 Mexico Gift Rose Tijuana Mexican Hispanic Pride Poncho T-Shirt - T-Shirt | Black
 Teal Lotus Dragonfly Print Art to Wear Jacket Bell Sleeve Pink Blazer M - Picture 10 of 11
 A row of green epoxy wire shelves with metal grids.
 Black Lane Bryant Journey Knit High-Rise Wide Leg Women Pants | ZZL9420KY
────────
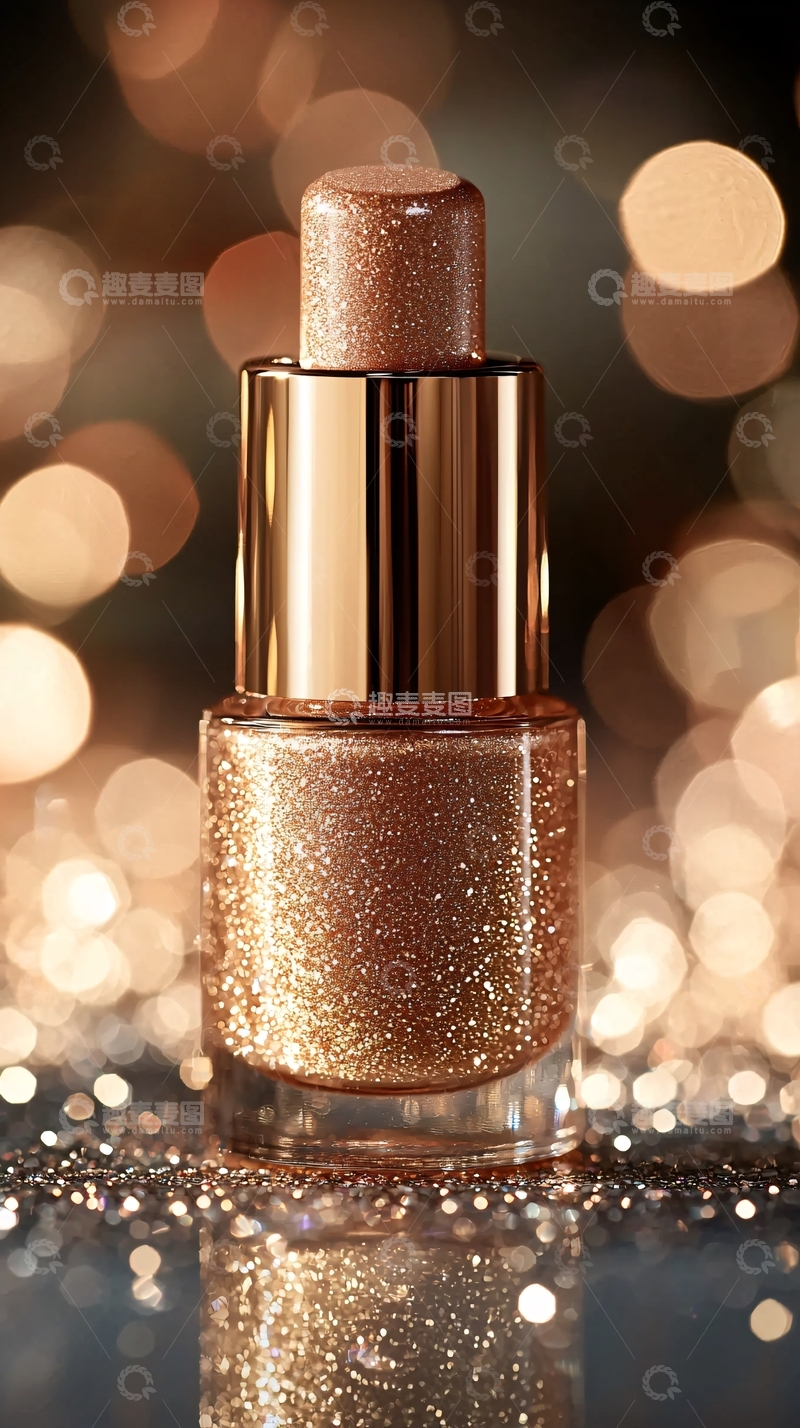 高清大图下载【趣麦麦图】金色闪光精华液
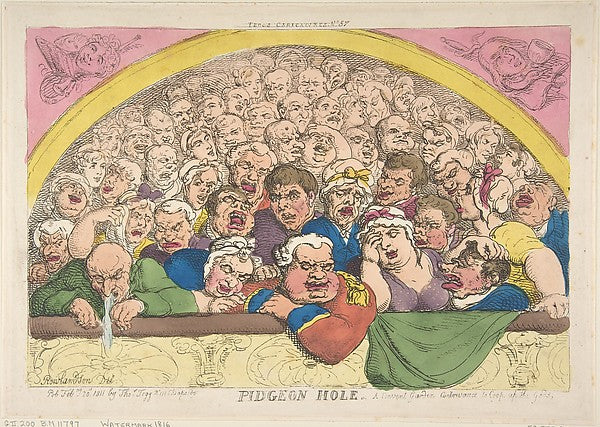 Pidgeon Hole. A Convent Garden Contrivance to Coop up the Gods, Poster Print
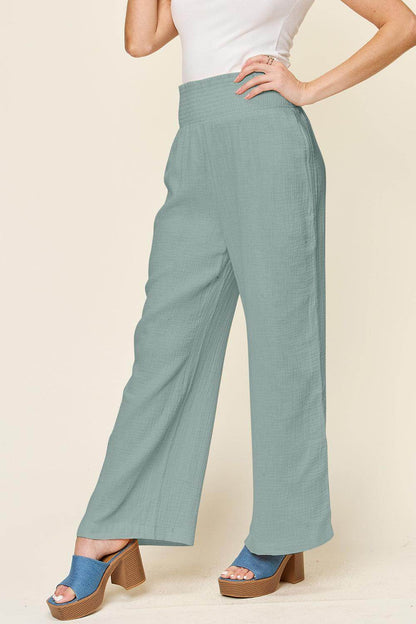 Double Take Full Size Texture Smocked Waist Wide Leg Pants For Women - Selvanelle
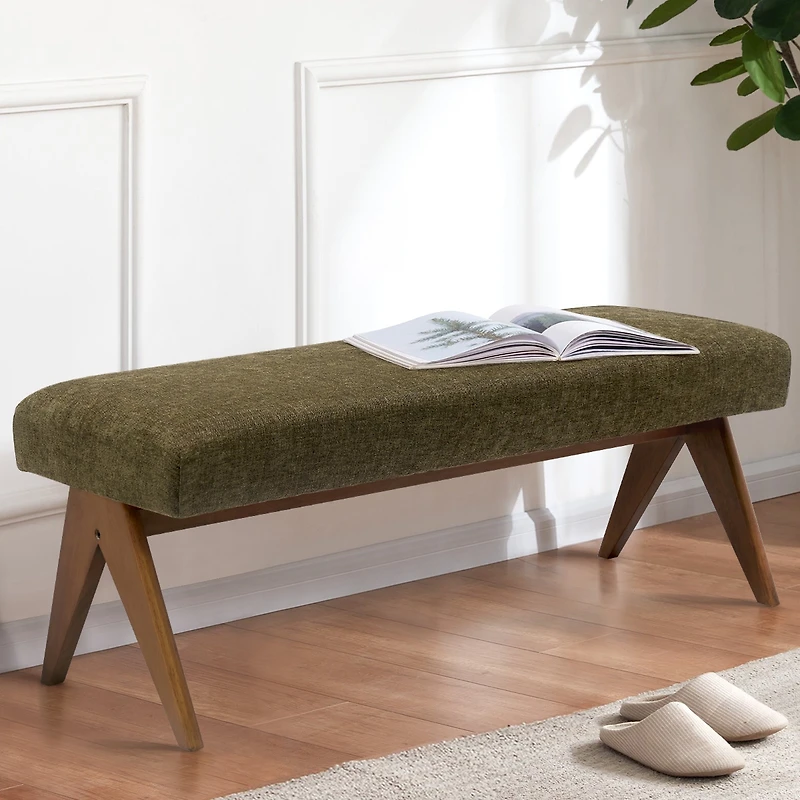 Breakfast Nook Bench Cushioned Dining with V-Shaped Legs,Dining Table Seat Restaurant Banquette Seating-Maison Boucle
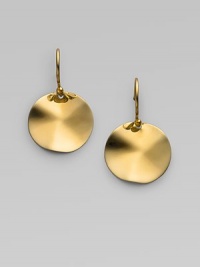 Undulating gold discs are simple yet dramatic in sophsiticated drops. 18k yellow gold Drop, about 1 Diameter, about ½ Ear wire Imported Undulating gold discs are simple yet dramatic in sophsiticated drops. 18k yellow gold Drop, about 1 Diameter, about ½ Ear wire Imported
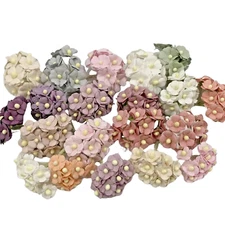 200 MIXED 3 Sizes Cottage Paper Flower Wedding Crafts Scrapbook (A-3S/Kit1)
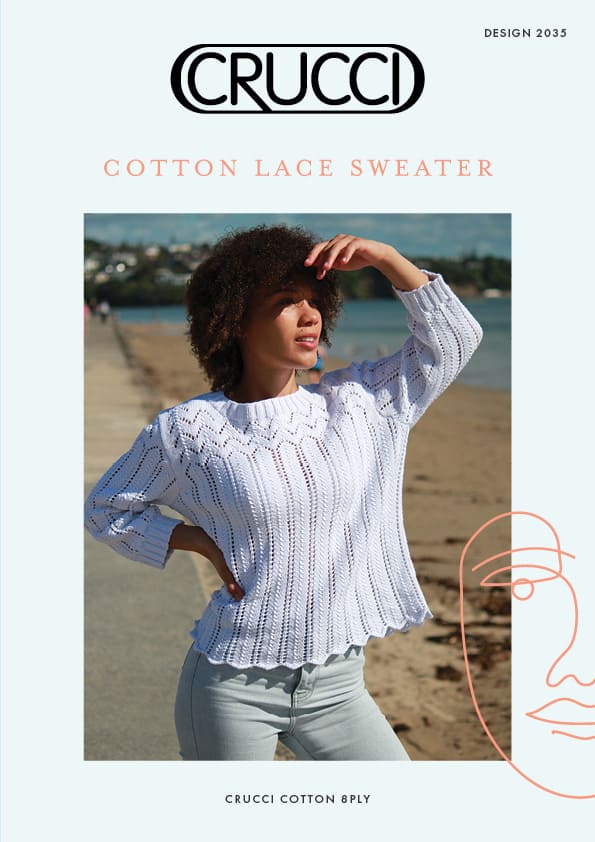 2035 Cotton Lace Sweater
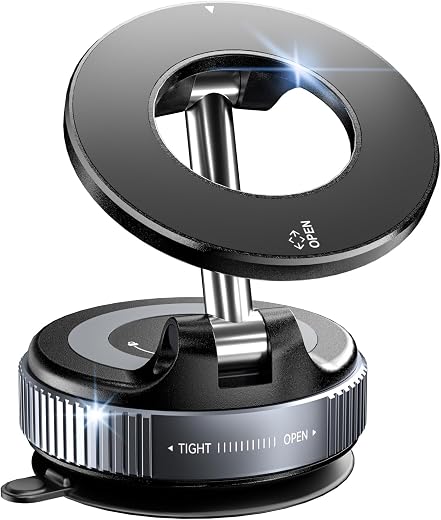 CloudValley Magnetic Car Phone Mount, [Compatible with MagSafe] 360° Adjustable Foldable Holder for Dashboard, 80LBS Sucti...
────────
● **WORK REQUIRED**: Above are entries with pictures among them. Write out exactly the lines from the one containing "2035 Cotton Lace Sweater" through the one containing "CloudValley Magnetic Car", ends included, and leave those pictures out.

● **SOLUTION TO THIS PROBLEM**:
 2035 Cotton Lace Sweater
 CloudValley Magnetic Car Phone Mount, [Compatible with MagSafe] 360° Adjustable Foldable Holder for Dashboard, 80LBS Sucti...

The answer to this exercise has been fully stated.